Clothier bell tower as seen from the ground against a blue sky with few clouds

Swarthmore students recently earned a wide array of awards — a testament to their efforts and achievements in the classroom and for the common good.

Majoring in subjects ranging from engineering and economics to music and mathematics, the students reflect Swarthmore’s interdisciplinary spirit and people-centered approach to solving problems in their communities and across the world.

The awardees:

Daniel Torres BalauroDaniel Torres Balauro ’23 was named to the fourth cohort of the Public Voices Fellowship on the Climate Crisis. The honor was bestowed by the Yale Program on Climate Change Communication, which works to diversify and amplify the voices behind climate change action. Balauro is the only undergraduate among the distinguished cohort of 20 thought leaders dedicated to diversifying environmental justice discourse and advancing climate solutions. 

“Raised in the South Pacific, I've witnessed firsthand the ecological and sociocultural impacts of the climate crisis, and unfortunately, the exclusion of Pacific voices in policy,” says Balauro, an environmental governance and policy special major from American Samoa. “At Swarthmore, I've worked to highlight these inequalities through my involvement in formative programs such as the President's Sustainability Research Fellowship (PSRF) and the Lang Opportunity Scholarship program, which supported the launch of my organization, the American Samoa Climate Action Network.
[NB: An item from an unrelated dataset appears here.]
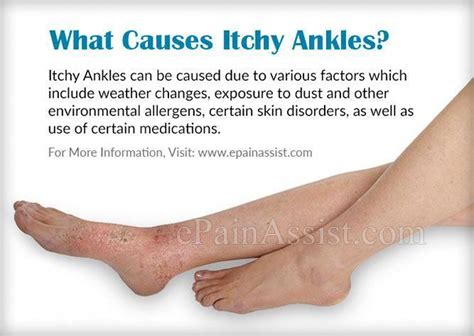 What Causes Itchy Ankles Itching Skin Itchy Itchy Skin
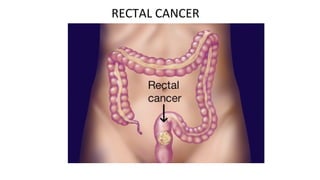 RECTAL CANCER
We work to empower Pacific Islanders to engage in climate discourse through policy development, and I'm excited to leverage this fellowship as a platform to publish a series of op-eds focusing on environmental injustice and community resilience in the Pacific.”

David DiazDavid Diaz ’25 earned an honorable mention from the Udall Foundation, which offers scholarships to college sophomores and juniors for leadership, public service, and commitment to issues related to Native American nations or the environment. 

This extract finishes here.